'Everybody On Earth Is Feeling The Same Way As You': Douglas Coupland offers slogans for the COVID-19 age
The Vancouver artist and Generation X author says the virus reveals how profoundly interconnected we are
Originally published on April 14, 2020
It was back in May of 2011 when Vancouver's Waldorf Hotel decided to have YouTube Night with Doug — the "Doug" being famed artist and Generation X author Douglas Coupland.
The organizers wanted to create posters to coincide with the show, so Coupland created slogans in large block letters — thought-provoking lines like "I Miss My Pre-Internet Brain" and "Knowing Everything Turns Out To Be Slightly Boring."
But in the COVID age, many of the slogans have taken on an even greater relevance — and now Coupland has started adding to the list.
"They seem fresh. They came alive in a way that they never were before, and that really took me by surprise. So I just started posting them online and then adding a few new ones to the mix," says Coupland in an interview with q host Tom Power.
"It's like there's just this voice that wants to come through. It's part anxiety, part irony, part desperation, part coming right from the soul," he says.
"And people seem to be grokking onto them, so I guess as long as this thing's going on, I'm going to keep doing them."
Coupland says some of the slogans that have taken on new meaning include "None Of This Should Come As A Surprise," "It's All Happening Way Faster Than We Thought" and "Lonely Isolated People Consume More."
"They drive more cars, they consume more health-care, they eat way more food. And as you can tell I'm being sort of ironic and cynical here, but that was written for a show that was, I think five years ago now," says Coupland.
"And again, looking at it in the light of the present, it's like, 'Oh, that's kind of dark.'"
But not all of the slogans are quite as foreboding: one that Coupland finds particularly uplifting is "Everybody On Earth Is Feeling The Same Way As You."

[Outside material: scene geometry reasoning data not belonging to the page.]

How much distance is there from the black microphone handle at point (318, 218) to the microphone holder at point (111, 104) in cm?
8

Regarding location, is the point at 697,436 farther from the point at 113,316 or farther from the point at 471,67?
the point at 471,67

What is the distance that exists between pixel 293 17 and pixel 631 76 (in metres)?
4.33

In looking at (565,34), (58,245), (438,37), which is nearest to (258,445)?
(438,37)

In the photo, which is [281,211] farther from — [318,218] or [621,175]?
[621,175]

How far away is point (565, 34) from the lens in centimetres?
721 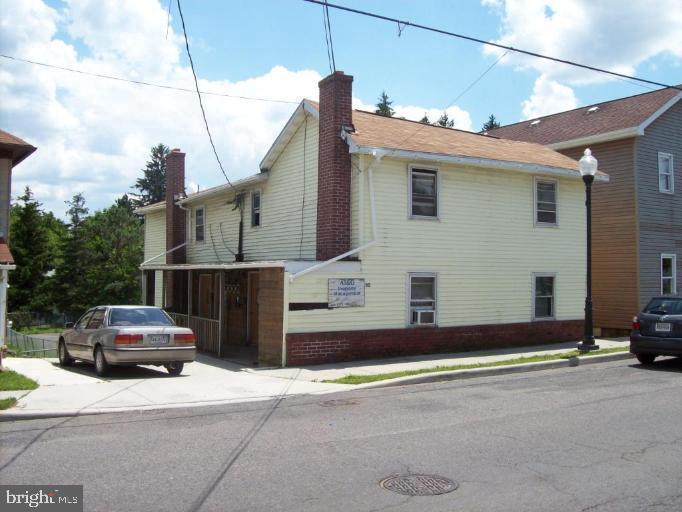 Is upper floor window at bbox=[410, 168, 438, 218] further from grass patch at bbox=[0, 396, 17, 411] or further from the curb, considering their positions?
grass patch at bbox=[0, 396, 17, 411]

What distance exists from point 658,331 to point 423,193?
6.16 metres

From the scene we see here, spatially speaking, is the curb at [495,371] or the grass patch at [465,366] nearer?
the curb at [495,371]

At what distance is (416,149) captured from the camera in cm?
1577

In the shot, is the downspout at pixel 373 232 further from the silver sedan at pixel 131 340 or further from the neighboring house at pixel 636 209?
the neighboring house at pixel 636 209

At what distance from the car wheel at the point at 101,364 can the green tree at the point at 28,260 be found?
39243 millimetres

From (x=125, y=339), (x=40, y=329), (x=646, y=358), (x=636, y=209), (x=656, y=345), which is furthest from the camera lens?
(x=40, y=329)

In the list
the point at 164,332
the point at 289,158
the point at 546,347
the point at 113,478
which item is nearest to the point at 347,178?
the point at 289,158

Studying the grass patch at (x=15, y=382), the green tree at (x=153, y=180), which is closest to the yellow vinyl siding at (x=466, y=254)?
the grass patch at (x=15, y=382)

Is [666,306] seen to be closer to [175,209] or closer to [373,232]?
[373,232]

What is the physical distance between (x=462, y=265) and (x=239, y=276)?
7.46m

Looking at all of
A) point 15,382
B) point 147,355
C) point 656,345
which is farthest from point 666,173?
point 15,382

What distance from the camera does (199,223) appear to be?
78.8ft

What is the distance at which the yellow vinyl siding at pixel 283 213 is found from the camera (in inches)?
669

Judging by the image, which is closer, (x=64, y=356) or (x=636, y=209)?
(x=64, y=356) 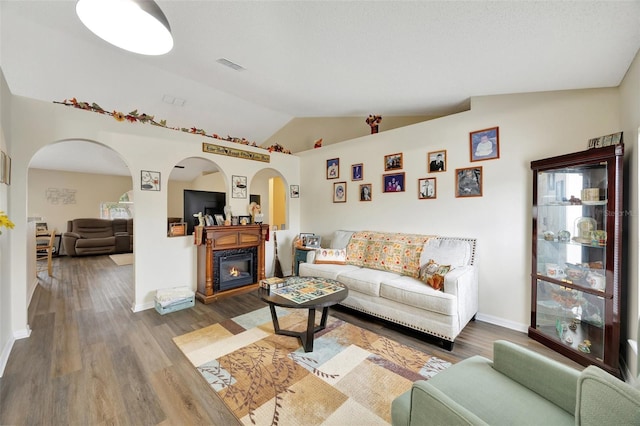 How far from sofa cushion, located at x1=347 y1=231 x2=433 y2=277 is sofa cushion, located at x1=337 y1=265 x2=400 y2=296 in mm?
157

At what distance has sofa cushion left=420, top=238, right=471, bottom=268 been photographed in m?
2.88

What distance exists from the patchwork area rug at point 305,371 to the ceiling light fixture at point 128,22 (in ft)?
8.42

"That, more than anything, defines the present moment, that we're all in this together. There's no one who escapes this. Movie stars don't escape it. The one percent of the one percent, everybody is in it together," says Coupland. "And there's something wonderful that comes from that."

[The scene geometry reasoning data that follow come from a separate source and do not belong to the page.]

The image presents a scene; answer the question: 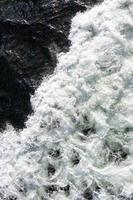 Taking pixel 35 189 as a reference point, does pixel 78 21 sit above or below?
above

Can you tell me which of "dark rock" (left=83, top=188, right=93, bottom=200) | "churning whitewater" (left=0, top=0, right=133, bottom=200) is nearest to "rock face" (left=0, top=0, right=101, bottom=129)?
"churning whitewater" (left=0, top=0, right=133, bottom=200)

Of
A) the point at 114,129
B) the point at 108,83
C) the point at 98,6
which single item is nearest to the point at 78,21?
the point at 98,6

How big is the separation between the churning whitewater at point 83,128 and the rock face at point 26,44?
0.45ft

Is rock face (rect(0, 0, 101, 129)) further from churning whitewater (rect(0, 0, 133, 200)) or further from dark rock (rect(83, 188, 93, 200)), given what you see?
dark rock (rect(83, 188, 93, 200))

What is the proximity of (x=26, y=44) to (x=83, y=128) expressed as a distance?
132cm

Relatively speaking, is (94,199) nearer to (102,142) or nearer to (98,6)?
(102,142)

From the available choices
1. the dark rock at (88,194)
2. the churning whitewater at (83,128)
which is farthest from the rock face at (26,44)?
the dark rock at (88,194)

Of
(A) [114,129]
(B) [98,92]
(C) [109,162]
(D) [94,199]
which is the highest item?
(B) [98,92]

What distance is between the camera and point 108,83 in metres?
5.39

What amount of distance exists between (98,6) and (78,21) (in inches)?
12.5

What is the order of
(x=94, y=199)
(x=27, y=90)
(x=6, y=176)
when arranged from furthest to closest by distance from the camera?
(x=27, y=90) → (x=6, y=176) → (x=94, y=199)

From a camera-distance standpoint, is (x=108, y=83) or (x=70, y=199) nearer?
(x=70, y=199)

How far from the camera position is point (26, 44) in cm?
582

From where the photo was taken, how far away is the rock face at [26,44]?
5.64m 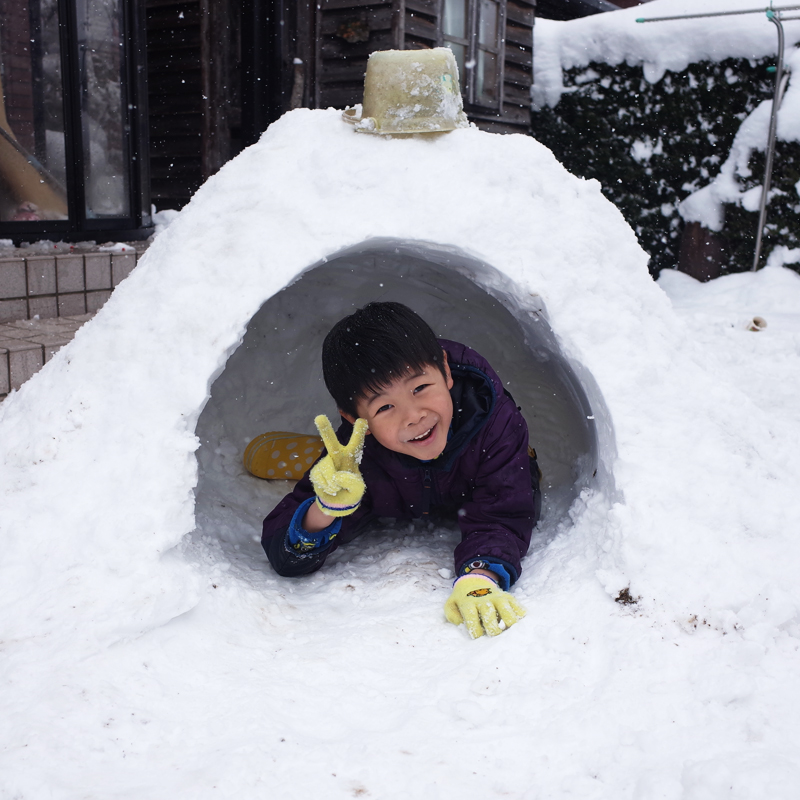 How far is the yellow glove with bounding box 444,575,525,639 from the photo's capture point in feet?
5.55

Now Coupland is adding to the list with slogans that are specific to the COVID-19 era, among them "A Plague Without Wi-Fi Would Be Truly Horrible" and "Today I Heard Tweens Discussing Supply Chains."

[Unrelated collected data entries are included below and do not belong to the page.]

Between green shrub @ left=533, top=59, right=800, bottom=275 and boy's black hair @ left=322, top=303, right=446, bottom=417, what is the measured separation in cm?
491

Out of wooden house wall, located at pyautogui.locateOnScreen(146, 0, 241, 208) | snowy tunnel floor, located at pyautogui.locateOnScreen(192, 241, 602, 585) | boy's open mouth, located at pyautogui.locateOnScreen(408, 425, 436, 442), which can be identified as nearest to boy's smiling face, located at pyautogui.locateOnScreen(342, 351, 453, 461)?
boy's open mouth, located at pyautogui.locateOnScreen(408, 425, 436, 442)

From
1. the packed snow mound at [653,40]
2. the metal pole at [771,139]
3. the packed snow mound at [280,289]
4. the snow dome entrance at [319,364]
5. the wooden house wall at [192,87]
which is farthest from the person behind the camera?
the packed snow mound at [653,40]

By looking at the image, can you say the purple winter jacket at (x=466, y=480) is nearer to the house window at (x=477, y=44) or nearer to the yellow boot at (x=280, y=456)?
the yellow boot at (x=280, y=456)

"Now everyone talks about supply chains, and everyone knows how interconnected we are in the world. If 9/11 gave us one way of looking at globalization, then this is like the second shoe falling on the future of globalization and what it may or may not mean," says Coupland, who adds that the slogan that keeps going through his own mind is "Boredom, Anxiety, Twilight Zone, Repeat."
So what has Coupland's experience of self-isolation been like? He finds that time is shrinking and expanding in odd ways, and that he regularly loses track of what day it is. ("I don't think we have days of the week anymore to honest," he quips. "I think they're gone.")
He's also turning to music, and to his bookshelf. "I'm listening to a lot of jazz. I'm really loving it and I'm trying not to watch too much TV, although it's very tempting because there is so much on," says Coupland.
"And I am actually reading. I went to my library and said, 'You know, I've always wanted to read that.' Waiting for that rainy day to happen," he says.
"Well, we're now living in a permanent rainy day. So why not?"